Berdasarkan fakta sejarah bahwa pada jaman Rasul banyak wanita-wanita muslimah yang telah ditinggal mati suaminya yang melaksanakan masa ihdad atau berkabung selama masa iddah sebagai suatu ungkapan duka cita atas kematian suaminya dan beberapa hal hal yang berhubungan dengan ihdad seperti perbuatan yang diperbolehkan untuk dikerjakan selama masa berkabung dan hal-hal yang dilarang pula sehingga dari sejumlah hadits dan atsar di atas menjadi jelas bagi kita bahwa wanita yang ber-ihdad tidak boleh memakai celak, minyak wangi/wewangian, pakaian yang dicelup kecuali kain ashb, semir, pacar kuku, pakaian yang dicelup dengan warna merah (mu’ashfar), dan yang dicelup dengan tanah merah (mumasysyaqah) serta perhiasan. berdasarkan dalil-dalil Al Qur’an serta Hadist tersebut cukuplah menjadi fakta kekuatan bahwa hukum ihdad merupakan salah satu ajaran syariat Islam.
C. Tujuan Ihdad
1. Memberi alokasi waktu yang cukup untuk turut berduka cita atau berkabung dan sekaligus menjaga timbul fitnah.
Dalam Kompilasi Hukum Islam pasal 170 ayat 1 menegaskan “Seorang istri yang ditinggal mati oleh suaminya, wajib melaksanakan masa berkabung selama masa iddah sebagai tanda turut berduka cita dan menjaga timbulnya fitnah.
2. Selain itu yang menjadi pertimbangan ialah bahwa untuk memelihara keharmonisan hubungan keluarga suami yang meninggal dengan pihak istri yang ditinggalkan dan keluarga besarnya
3. Ihdad untuk menampakan kesedihan dan kedukaan atas kematian suaminya, dan ukuran untuk bersedih karena yang lainnya. Selain cerai mati, maka talak dalam bentuk apapun tidak membutuhkan adanya ihdad. Hal ini sesuai dengan wanita-wanita yang hidup pada masa Nabi dan Khulafa el-Rasyidin tidak pernah melakukan ihdad selain cerai mati.
4. Bagi seorang wanita yang ditinggal mati oleh suaminya dan dalam keadaan hamil, hikmah ihdad adalah selama empat bulan sepuluh hari sicalon bayi yang tengah berada dalam perut ibu akan sempurna penciptaannya, yaitu dengan ditiupkannya ruh adalah setelah seratus duapuluh hari berlalu.

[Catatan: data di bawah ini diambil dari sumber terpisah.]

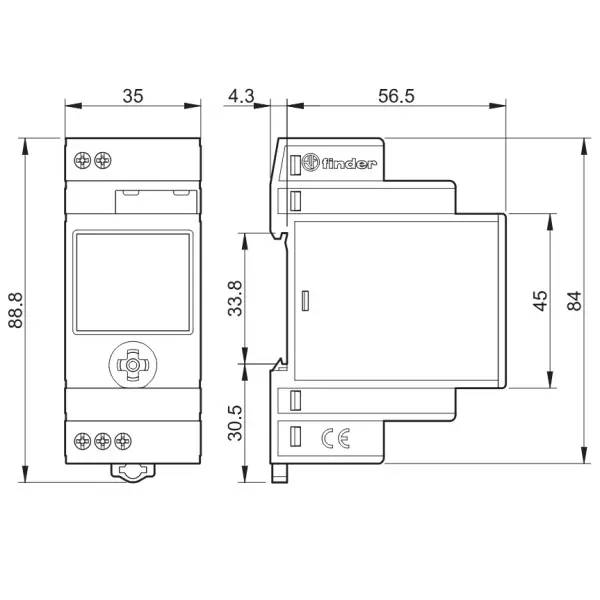 Недельный таймер Finder 1CO 110-230В AC/DC (126182300000) - фото №2 Недельный таймер Finder 1CO 110-230В AC/DC (126182300000) - фото №2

Sepuluh hari disebut bentuk mu’anats yang dimaksudkan sebagai waktu malamnya.
D. Dampak Ihdad
Kita ketahui bahwa bila seorang suami yang meninggal, wajib bagi istrinya untuk berihdad selama empat bulan sepuluh hari. Namun bila si istri dalam keadaan hamil maka ihdadnya berakhir dengan melahirkan kandungannya, baik masanya lama atau sebentar. Hal ini sesuai dengan pasal 170 Kompilasi Hukum Islam yang berbunyi:
1. Isteri yang ditinggal mati oleh suaminya wajib melaksanakan masa berkabung sebagai tanda turut berduka cita sekaligus menjaga timbulnya fitnah
2. Seorang suami yang ditinggal mati oleh isterinya, melakukan masa berkabung menurut kepatutan
Menurut Wahbah Zuhaili bahwa ihdad merupakan hak syar’i dan merupakan ungkapan atau manifestasi rasa duka cita karena hilangnya karunia Allah. Dalam bentuk perkawinan sehingga ia tidak mungkin lagi berkumpul dengan bekas suaminya.
Silang pendapat diantara fuqaha yang mewajibkannya atas wanita muslimah, bukan wanita kafir, disebabkan oleh persoalan, karena bagi fuqaha yang menganggap ihdad sebagai suatu ibadah (yang tidak dapat dipahami ma’nanya), maka mereka tidak mewajibkan atas wanita kafir, sedangkan bagi fuqaha yang menganggapnya suatu ibadah yang dapat dipahami ma’nanya, yaitu untuk menghindarkan pandangan lelaki kepadanya dan untuk mencegah wanita yang berihdad memandang kepada lelaki, maka mereka mempersamakan antar wanita kafir dengan wanita muslimah.
Mengenai hukum ihdad bagi wanita kitabah (ahli kitab), para ulama berbeda pendapat. Menurut Jumhur kewajiban ihdad meliputi semua istri yang dinikahi secara sah, baik wanita yang masih kecil, dewasa, gila, muslimah atau kitabiah. Bahkan Hanabilah berpendapat termasuk budak yang dijadikan istri.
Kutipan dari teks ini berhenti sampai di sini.